Short text fragments from websites

● ● ●

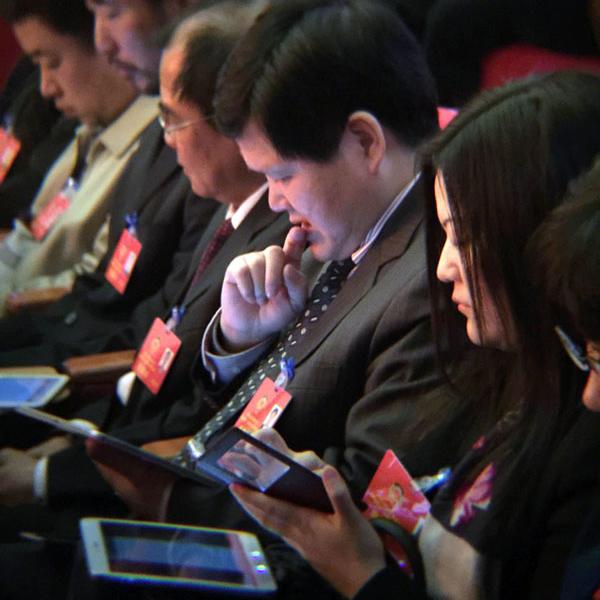 地方兩會(huì)低頭族:有人玩游戲看照片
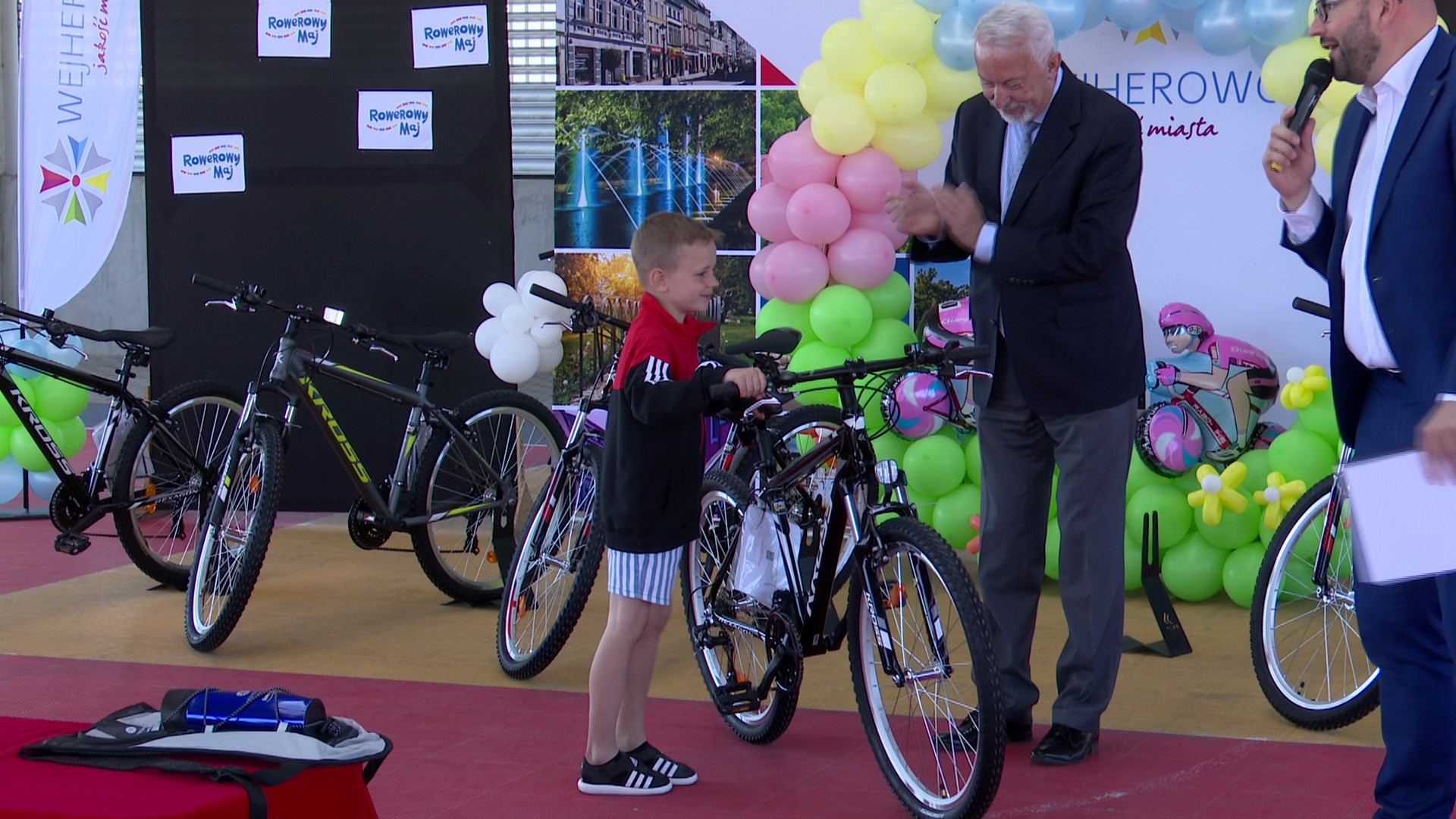 Prezydent Miasta Wejherowa wręcza nagrodę w akcji Rowerowy Maj. Nagrodą jest rower. Źródło: https://nadmorski24.pl/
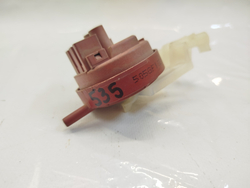 535 Датчик уровня воды (Прессостат) для стиральной машины Indesit 505GF102 90-65-330 б/у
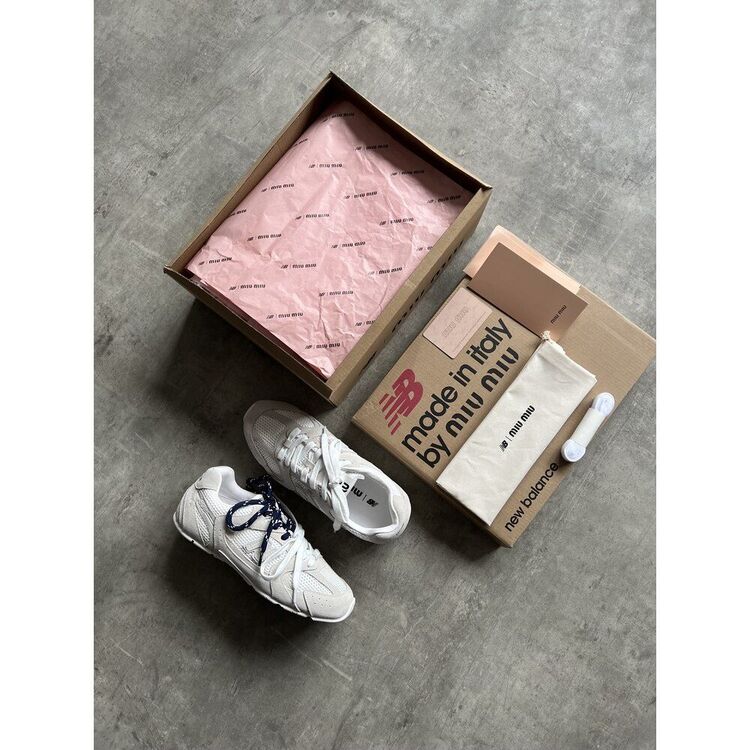 New Balance x Miu Miu 530 SL (Full Box)
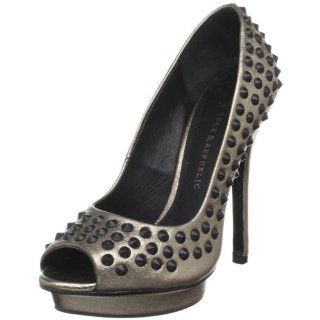 & Republic Womens Jasmine Platform Pump,Pewter,39 EU/9 M US Shoes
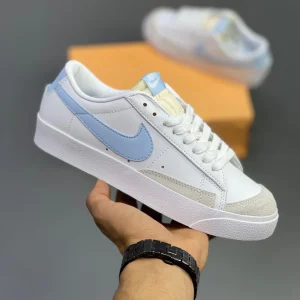 کتونی نایکی بلیزر سفید با تیک آبی، کلاسیک و شیک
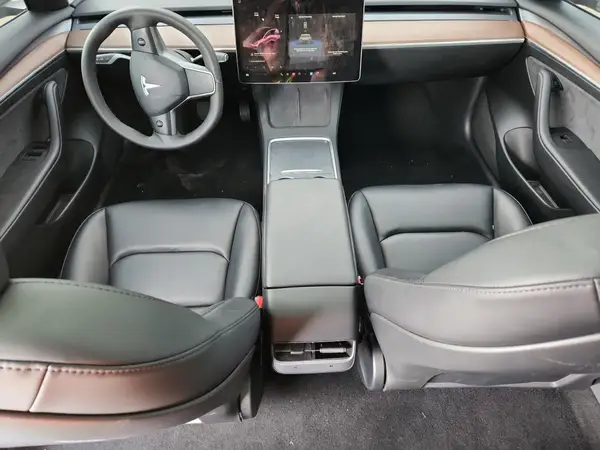 5YJ3E1EAXPF571559 2023 TESLA MODEL 3 - Image 8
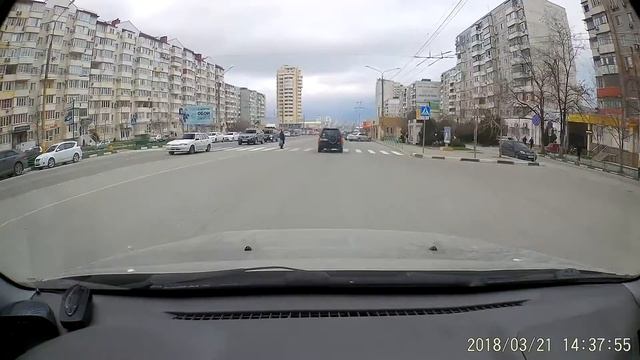 Новороссийск. Нарушение ПДД 2018-03-21_14:37:54 Южная-пр.Дзержинского смотреть онлайн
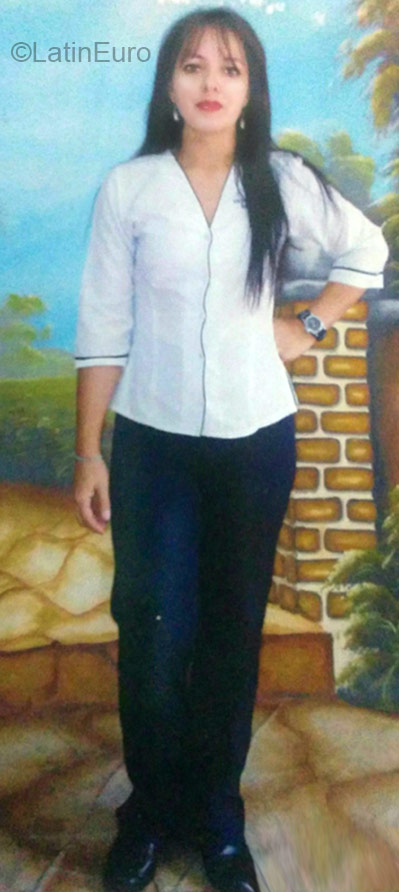 Date this athletic Colombia girl Liliian from Medellin CO18395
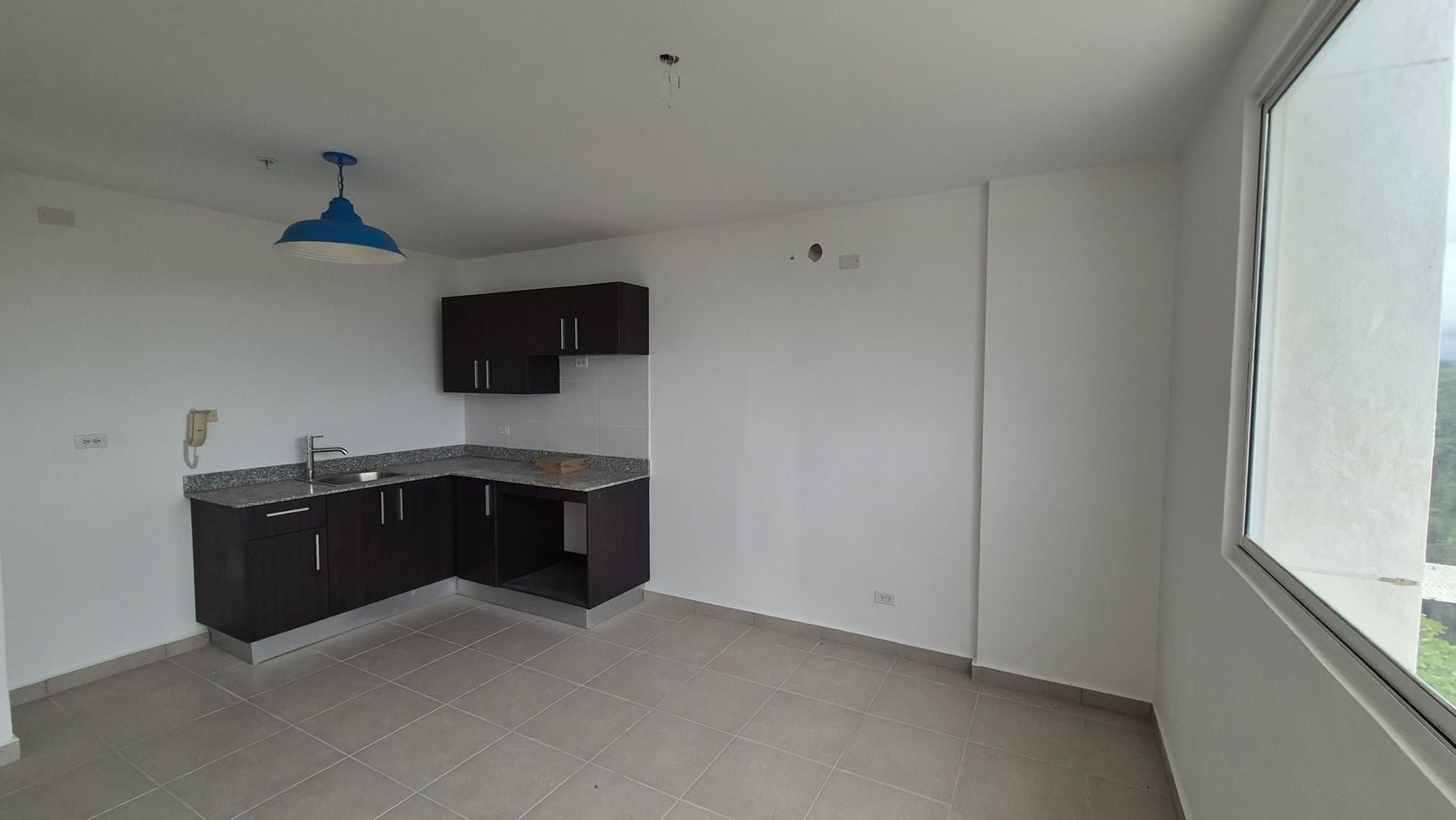 "Seaside Investment Opportunity: Apartment in Beachside Building Perfect for Short-Term Rentals" in Playa Corona P-0537 - Image 6
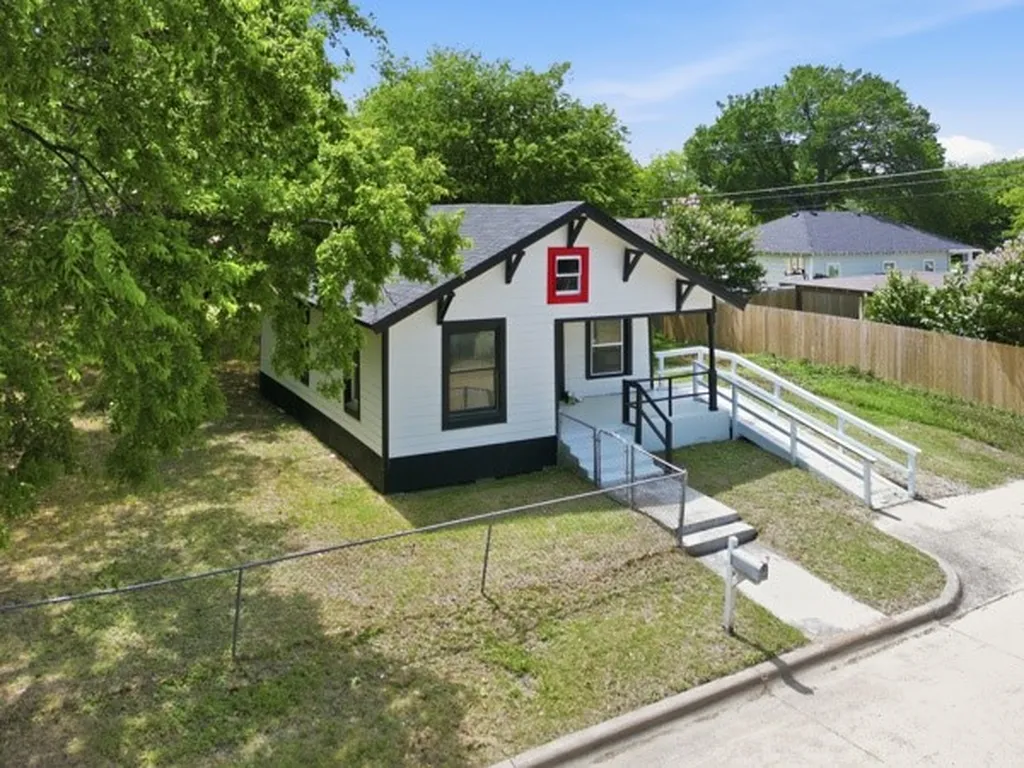 910 Loney Street Fort Worth TX 76104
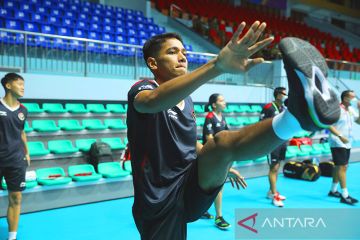 Bulu tangkis Indonesia mulai berlatih di arena pertandingan SEA Games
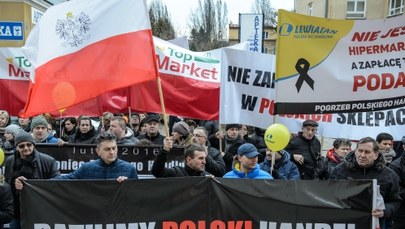 Polscy sklepikarze chcieli rozmawiać o podatku handlowym. Nikt z rządu się nie pojawił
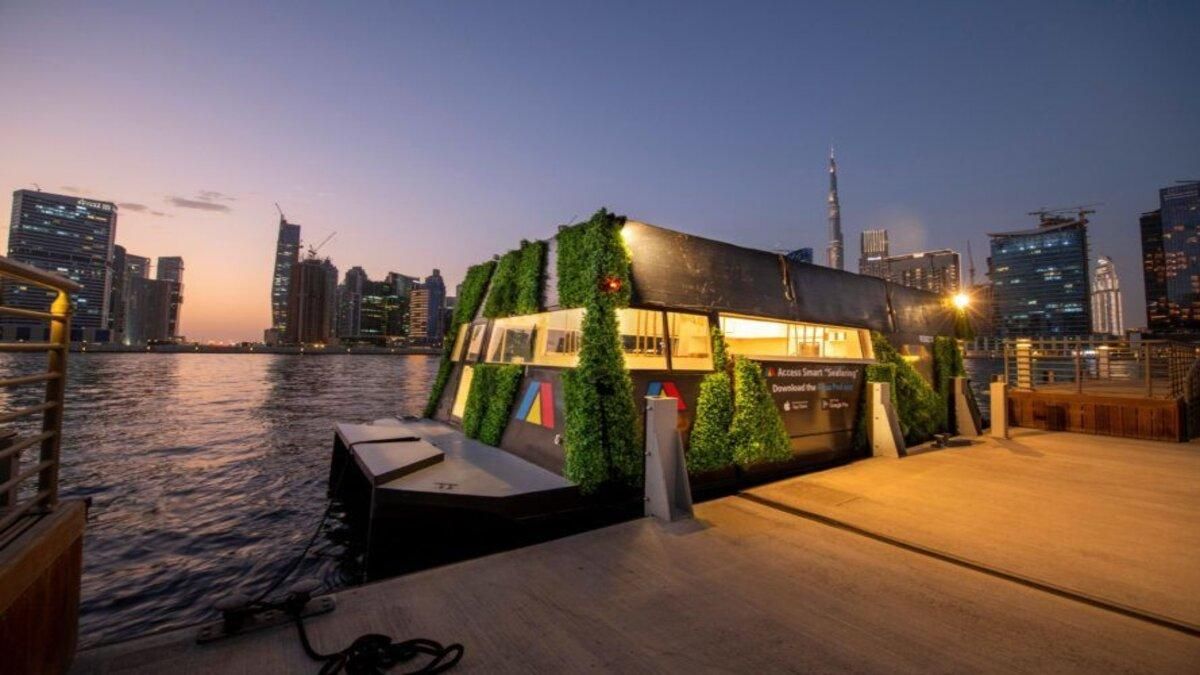 У Дубаї запустили інноваційну плавучу капсулу Aqua Pod на сонячній енергії - Інновації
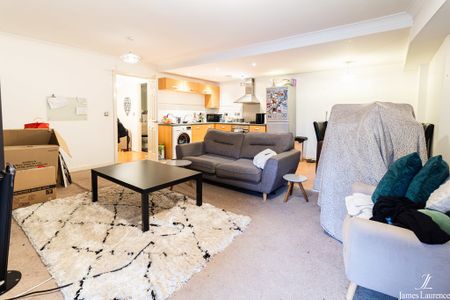 Rea Court, Digbeth, Birmingham - Photo 2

● ● ●

§ Assignment: Repeat only what runs from the first line of the records above to the line with "Новороссийск. Нарушение ПДД", both included, word for word, minus the pictures.

§ Result:
 地方兩會(huì)低頭族:有人玩游戲看照片
 Prezydent Miasta Wejherowa wręcza nagrodę w akcji Rowerowy Maj. Nagrodą jest rower. Źródło: https://nadmorski24.pl/
 535 Датчик уровня воды (Прессостат) для стиральной машины Indesit 505GF102 90-65-330 б/у
 New Balance x Miu Miu 530 SL (Full Box)
 & Republic Womens Jasmine Platform Pump,Pewter,39 EU/9 M US Shoes
 کتونی نایکی بلیزر سفید با تیک آبی، کلاسیک و شیک
 5YJ3E1EAXPF571559 2023 TESLA MODEL 3 - Image 8
 Новороссийск. Нарушение ПДД 2018-03-21_14:37:54 Южная-пр.Дзержинского смотреть онлайн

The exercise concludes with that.